The VMworld 2010 Hands-on-Labs (HoL) were EPIC this year. By now, everyone has heard the final stats:
- ~140,000 VMs created and destroyed over 4 days
- ~5000 labs done
- ~5 people who completed all 30 labs – about 30 hours of lab time = 5 people who spent 8 hours each of the 4 days in the lab.
It’s also known that the VMware HoL was supported in a “hybrid cloud” fashion – using an on-premise set of kit (in Moscone there in San Francisco), but also public clouds from Verizon (in Reston, VA) and Terremark (in Tampa, FL).
You can read more on Duncan’s blog here.
Feedback I heard from most folks was that it was a very positive experience – better than last year.
Like any of these sorts of things – it wasn’t perfect. The batphones started ringing furiously on Sunday (GETO crew calling all partners, and the EMC phones were ringing). There were weird performance issues throughout the week (never entirely pinpointed), and the WAN links were undersized for all the PCoIP traffic, so periodically they would be slammed. BUT all that said, it was an amazingly positive experience for VMworld attendees – I think most didn’t even notice the things we all agonized over :-)

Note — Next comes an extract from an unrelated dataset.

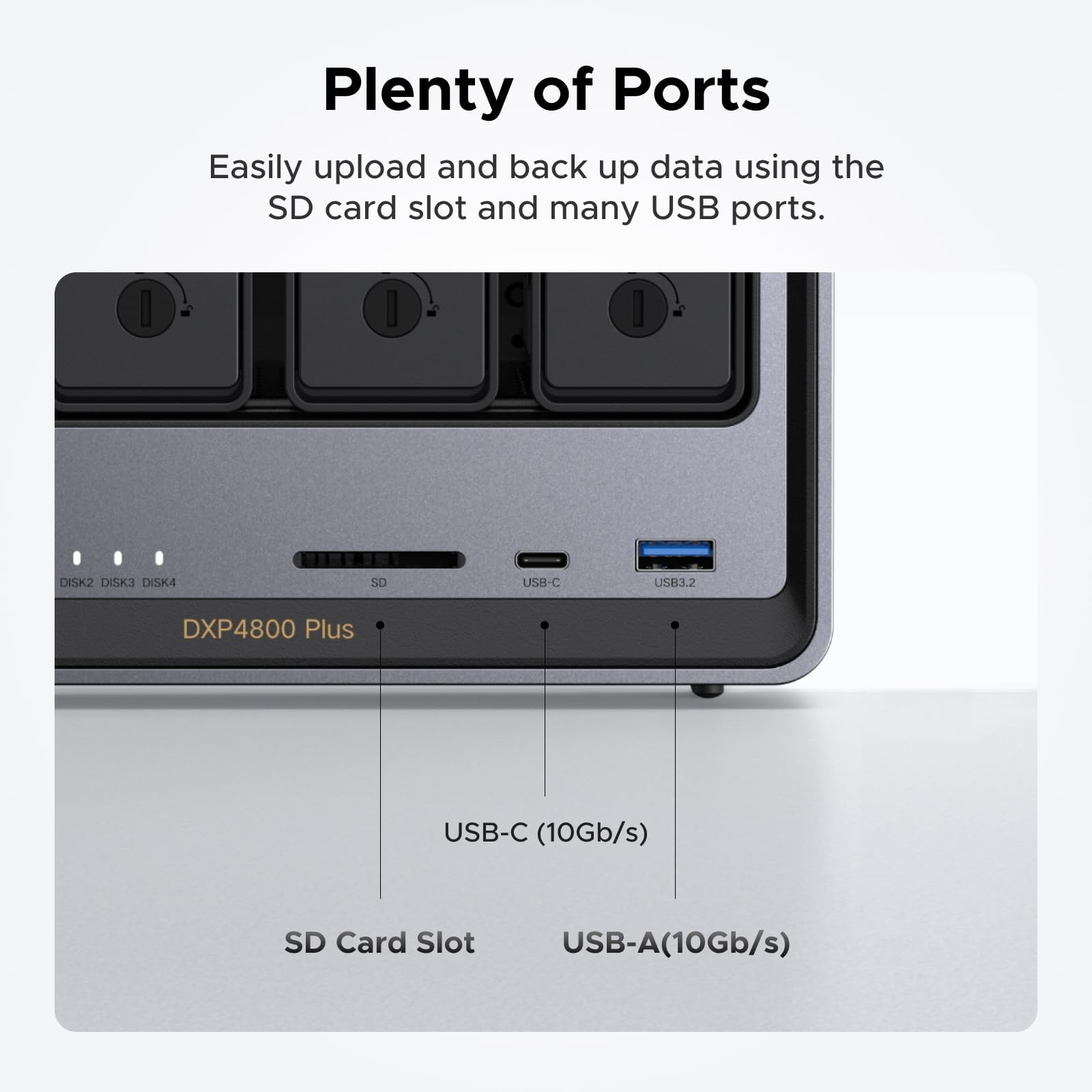 UGREEN NASync DXP4800 Plus 4-Bay Desktop NAS, Intel Pentium Gold 8505 5-Core CPU, 8GB DDR5 RAM, 128GB SSD, 1x 10GbE, 1x 2.5GbE, 2x M.2 NVMe Slots, 4K HDMI, Network Attached Storage (Diskless)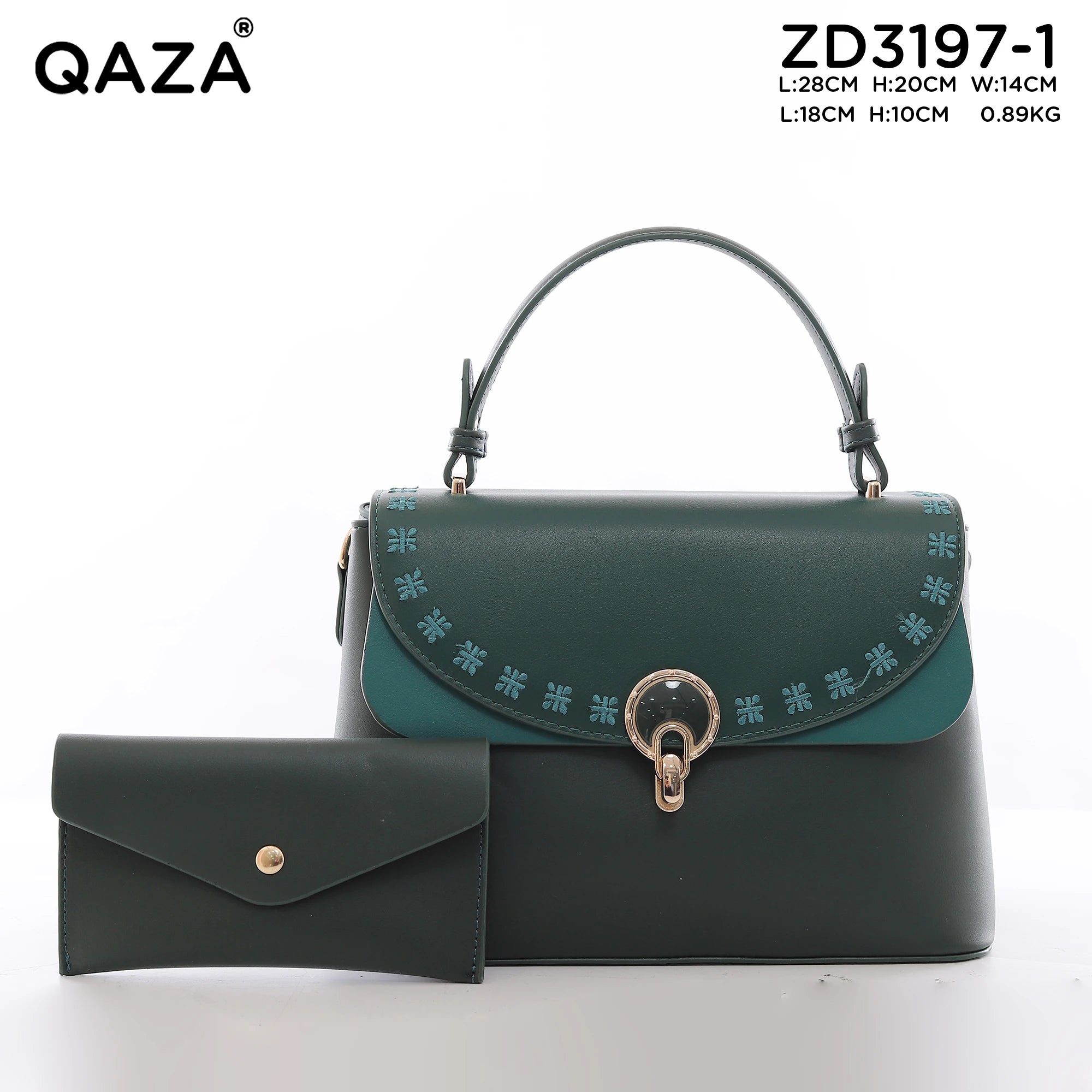 QAZA ZD3197-1 Women PU Leather Embroidery Tote Bag Set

Anyone who has ever supported one of these knows that something ALWAYS goes wrong, so it’s more about how: a) minimize risk; 2) how you roll with the inevitable snafus; and 3) working together to resolve it in the end.
Dan Anderson from VMware covers it all well here:
My hats off to VMware. Specifically to Mornay, Dan, Tim and all the supporting crew, and to the folks who build the LabCloud tools used for all the scheduling and orchestration (Clair and Curtis).
Now – like every VMworld HoL – there’s a mass contribution from VMware’s partners in support of the effort. We all step in knowing that we take a backseat. Our job is to do our best to make VMware look good, and do it behind the scenes.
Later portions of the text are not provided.